Sir David Rowat Barclay and Sir Frederick Hugh Barclay: Owners of the Telegraph, the Spectator and the Business. The Sunday Times Rich List of 2015 estimated their wealth at £6.5 billion who live on a private island near Saark. .

Rupert Murdoch: Owner of the Sun, Times, Sky, Fox and many others. Estimated wealth of $13 Billion who lives in Australia."*

Not wanting to mention the "B" word of course but it does make you wonder why they are so keen on promoting a hard Brexit and turning the UK into a tax haven. Hmm.


----------



## GEMMY (Jun 19, 2006)

barryd said:


> Maybe the "Lefty" papers have to beg for money if this is true.
> 
> Not my research but posted by a member on OAL the other day.
> *
> ...


Cross out Desmond, all of his titles have bought by the Mirror group


----------



## Matchlock (Jun 26, 2010)

And don't forget the Guardian, they are also subject to tax avoidance!
And how did these billionaires become so, not opinions, I only deal in facts.


----------



## KeithChesterfield (Mar 12, 2010)

I haven't bought or read the Daily Fail since 1997 when they 'coerced' a crime victim, who I knew, into giving them the 'true' facts and then wrote a complete and utter distortion of the facts.


Wrapping fish and chips in their newsprint is a disgrace - fish and chips are more worthy than being shackled by the paper that prints the Fail.


:werecomingforyou: :werecomingforyou: :werecomingforyou: :werecomingforyou:


----------



## barryd (May 9, 2008)

Matchlock said:


> And don't forget the Guardian, they are also subject to tax avoidance!
> And how did these billionaires become so, not opinions, I only deal in facts.


Doesnt matter how they got so rich but what does matter is how powerful they have become in both manipulating the masses and worse our government. Just look at the mess we are in right now then look at the "real" people behind it all and how they have got both the government and the people to do their bidding. That might all sound a bit Lefty but its how it is in the UK. We have the most biased and powerful press in Europe and its just about to get a lot more powerful and richer while the rest of us get poorer.


----------



## fatbuddha (Aug 7, 2006)

GEMMY said:


> Nice piece on Mosely over the last couple of days. At least they don't beg the readership for money to stay afloat , unlike the Groaniad.


frankly I'd rather pay a subscription fee to keep the Guardian afloat. I hope the Fail dies a slow painful death that it's currently heading towards


----------



## Webby1 (Mar 11, 2012)

What is so sad about certain threads is that people only change their views after personal, usually negative experiences as @KeithChesterfield wrote.

It would be great to see people changing their views and opinions based on observable facts,views of others,moral perceptions,or other people's experiences.

Too often it is only when the truth slaps them in the face that they think twice....................

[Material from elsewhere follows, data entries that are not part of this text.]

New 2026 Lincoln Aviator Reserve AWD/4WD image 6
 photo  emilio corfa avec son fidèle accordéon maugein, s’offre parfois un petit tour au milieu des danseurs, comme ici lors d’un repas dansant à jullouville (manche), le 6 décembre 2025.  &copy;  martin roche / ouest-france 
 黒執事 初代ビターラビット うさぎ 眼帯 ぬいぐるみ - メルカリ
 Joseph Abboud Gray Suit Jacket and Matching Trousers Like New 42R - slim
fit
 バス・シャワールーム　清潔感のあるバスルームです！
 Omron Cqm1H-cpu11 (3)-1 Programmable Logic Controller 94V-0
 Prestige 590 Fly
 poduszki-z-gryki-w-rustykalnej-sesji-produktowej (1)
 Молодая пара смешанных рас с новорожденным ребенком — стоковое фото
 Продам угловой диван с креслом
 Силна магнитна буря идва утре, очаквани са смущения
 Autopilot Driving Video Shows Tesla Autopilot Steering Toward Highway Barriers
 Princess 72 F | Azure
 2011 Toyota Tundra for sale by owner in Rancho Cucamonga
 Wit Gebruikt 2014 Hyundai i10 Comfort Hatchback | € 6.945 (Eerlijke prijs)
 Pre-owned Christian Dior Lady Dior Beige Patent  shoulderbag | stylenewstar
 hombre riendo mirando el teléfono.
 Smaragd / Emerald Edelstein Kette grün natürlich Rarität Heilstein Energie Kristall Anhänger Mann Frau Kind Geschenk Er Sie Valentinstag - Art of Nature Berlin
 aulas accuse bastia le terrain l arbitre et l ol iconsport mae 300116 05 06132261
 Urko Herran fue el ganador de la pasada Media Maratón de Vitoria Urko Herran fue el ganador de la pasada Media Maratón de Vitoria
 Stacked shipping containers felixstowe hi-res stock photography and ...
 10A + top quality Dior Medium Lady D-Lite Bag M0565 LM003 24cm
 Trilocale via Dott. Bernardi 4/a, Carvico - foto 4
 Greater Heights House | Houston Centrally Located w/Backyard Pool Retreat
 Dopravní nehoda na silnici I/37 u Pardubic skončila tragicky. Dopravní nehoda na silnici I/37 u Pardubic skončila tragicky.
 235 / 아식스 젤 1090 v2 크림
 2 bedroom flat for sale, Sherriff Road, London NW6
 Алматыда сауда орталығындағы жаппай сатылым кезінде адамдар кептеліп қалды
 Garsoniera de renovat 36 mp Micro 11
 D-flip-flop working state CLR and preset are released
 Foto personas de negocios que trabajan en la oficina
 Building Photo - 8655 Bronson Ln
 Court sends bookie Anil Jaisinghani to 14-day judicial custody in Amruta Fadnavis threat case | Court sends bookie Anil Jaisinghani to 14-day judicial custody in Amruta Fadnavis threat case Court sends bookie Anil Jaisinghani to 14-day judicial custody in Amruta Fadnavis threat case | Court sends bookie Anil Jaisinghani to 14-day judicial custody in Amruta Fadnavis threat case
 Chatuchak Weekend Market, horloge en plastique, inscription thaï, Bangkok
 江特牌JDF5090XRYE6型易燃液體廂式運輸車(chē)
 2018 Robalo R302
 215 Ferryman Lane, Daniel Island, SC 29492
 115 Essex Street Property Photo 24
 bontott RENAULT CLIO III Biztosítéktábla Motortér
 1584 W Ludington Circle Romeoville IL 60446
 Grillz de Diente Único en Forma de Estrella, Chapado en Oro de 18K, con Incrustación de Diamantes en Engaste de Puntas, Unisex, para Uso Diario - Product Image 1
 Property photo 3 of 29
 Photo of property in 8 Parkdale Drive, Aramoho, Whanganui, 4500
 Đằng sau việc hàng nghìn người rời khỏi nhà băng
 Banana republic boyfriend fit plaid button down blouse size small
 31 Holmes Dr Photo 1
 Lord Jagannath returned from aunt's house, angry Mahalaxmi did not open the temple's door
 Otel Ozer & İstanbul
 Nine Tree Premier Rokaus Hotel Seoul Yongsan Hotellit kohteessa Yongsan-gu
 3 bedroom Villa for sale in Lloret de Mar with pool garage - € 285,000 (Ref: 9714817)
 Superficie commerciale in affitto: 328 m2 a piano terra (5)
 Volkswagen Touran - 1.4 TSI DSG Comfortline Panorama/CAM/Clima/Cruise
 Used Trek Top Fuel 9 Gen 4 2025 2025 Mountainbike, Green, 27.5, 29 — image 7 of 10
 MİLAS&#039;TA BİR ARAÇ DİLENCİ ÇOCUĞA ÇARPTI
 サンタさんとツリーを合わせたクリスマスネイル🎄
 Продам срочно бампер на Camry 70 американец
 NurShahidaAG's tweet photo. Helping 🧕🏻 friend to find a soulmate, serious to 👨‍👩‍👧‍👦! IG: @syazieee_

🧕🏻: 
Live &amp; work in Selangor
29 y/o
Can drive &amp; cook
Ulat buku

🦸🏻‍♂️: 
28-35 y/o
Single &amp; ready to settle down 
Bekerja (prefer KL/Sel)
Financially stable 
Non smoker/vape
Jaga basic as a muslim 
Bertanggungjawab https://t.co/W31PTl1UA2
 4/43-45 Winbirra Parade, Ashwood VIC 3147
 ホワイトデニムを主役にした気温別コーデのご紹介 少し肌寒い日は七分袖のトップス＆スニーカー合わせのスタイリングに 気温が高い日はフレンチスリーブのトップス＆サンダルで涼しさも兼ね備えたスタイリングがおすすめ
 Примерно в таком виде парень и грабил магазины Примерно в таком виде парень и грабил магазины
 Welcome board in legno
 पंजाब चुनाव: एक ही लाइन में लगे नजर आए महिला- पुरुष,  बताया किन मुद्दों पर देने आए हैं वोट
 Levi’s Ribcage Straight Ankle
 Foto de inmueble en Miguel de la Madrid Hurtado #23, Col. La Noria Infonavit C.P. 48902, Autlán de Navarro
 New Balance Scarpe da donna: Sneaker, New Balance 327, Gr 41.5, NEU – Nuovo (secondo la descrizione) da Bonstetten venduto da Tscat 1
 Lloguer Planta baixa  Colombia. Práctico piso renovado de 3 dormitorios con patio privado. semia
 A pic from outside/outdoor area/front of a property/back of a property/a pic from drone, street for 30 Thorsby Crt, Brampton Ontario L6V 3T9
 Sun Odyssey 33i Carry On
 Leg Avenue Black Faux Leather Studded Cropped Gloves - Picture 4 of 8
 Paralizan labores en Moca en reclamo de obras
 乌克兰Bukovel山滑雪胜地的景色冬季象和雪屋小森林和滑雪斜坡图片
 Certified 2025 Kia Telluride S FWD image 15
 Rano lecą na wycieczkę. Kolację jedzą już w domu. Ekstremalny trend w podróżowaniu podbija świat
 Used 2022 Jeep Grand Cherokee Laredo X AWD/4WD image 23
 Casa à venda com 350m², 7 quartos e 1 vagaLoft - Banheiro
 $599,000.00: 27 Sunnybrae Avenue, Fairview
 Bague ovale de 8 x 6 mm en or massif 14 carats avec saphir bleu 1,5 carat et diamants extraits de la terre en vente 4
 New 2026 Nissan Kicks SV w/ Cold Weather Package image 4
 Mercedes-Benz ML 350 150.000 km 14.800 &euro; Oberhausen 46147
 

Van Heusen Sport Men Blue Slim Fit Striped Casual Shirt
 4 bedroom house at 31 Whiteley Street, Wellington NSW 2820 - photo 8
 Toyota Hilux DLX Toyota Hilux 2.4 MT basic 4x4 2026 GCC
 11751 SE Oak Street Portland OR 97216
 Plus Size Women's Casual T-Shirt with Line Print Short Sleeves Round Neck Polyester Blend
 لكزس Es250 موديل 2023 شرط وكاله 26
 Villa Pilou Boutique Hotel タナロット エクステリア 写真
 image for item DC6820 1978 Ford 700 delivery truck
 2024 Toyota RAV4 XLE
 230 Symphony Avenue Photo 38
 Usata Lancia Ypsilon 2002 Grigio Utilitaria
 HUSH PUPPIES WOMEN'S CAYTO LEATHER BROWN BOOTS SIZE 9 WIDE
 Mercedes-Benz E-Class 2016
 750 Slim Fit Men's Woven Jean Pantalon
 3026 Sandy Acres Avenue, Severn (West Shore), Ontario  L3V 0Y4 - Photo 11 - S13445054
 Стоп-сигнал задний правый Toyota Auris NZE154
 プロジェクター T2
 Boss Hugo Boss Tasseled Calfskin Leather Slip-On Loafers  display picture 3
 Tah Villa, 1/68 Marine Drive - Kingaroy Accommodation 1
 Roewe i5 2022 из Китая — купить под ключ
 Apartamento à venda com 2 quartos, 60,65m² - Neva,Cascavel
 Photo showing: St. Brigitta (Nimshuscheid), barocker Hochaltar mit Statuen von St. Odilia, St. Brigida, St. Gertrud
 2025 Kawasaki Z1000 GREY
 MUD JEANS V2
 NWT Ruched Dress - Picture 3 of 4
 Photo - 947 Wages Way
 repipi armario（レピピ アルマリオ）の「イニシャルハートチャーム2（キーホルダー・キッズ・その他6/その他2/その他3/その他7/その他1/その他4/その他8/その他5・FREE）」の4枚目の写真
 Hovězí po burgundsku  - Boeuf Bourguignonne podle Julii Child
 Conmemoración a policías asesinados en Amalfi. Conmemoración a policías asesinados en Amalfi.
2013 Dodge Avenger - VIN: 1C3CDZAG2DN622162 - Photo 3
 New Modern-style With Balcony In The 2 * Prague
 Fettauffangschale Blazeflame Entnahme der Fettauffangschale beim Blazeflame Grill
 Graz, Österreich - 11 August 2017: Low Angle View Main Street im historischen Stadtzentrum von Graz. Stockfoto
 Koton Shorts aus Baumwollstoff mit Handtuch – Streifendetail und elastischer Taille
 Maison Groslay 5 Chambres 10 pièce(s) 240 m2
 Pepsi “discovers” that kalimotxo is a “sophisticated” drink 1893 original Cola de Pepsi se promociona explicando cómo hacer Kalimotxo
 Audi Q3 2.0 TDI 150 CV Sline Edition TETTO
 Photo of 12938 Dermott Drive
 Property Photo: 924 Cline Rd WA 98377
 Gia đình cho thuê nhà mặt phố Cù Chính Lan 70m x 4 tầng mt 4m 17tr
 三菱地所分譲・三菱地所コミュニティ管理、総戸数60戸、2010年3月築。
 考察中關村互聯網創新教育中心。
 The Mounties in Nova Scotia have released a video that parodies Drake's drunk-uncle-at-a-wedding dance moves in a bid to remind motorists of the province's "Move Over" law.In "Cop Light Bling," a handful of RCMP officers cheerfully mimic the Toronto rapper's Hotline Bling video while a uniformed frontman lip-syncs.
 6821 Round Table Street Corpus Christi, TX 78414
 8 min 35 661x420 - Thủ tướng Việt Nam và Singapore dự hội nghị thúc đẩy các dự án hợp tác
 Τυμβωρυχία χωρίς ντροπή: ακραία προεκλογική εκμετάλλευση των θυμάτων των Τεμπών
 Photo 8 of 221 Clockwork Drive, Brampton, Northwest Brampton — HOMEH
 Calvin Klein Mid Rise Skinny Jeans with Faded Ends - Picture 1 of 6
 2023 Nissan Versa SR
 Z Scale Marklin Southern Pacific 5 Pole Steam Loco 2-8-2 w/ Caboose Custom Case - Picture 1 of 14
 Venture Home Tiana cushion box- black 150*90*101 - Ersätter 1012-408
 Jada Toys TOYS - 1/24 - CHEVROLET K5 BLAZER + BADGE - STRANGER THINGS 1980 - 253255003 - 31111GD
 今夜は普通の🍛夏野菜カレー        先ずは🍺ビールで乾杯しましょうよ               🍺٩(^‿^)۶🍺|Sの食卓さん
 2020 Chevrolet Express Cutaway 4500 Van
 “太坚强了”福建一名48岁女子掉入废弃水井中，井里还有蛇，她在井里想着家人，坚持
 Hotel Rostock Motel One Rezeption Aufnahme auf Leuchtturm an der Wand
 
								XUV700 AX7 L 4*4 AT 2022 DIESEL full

Someone said "I prefer to learn from the mistakes of others rather than my own"


----------



## GEMMY (Jun 19, 2006)

fatbuddha said:


> frankly I'd rather pay a subscription fee to keep the Guardian afloat. I hope the Fail dies a slow painful death that it's currently heading towards


Be sure to let us know about your 'donation' not just talk is it?


----------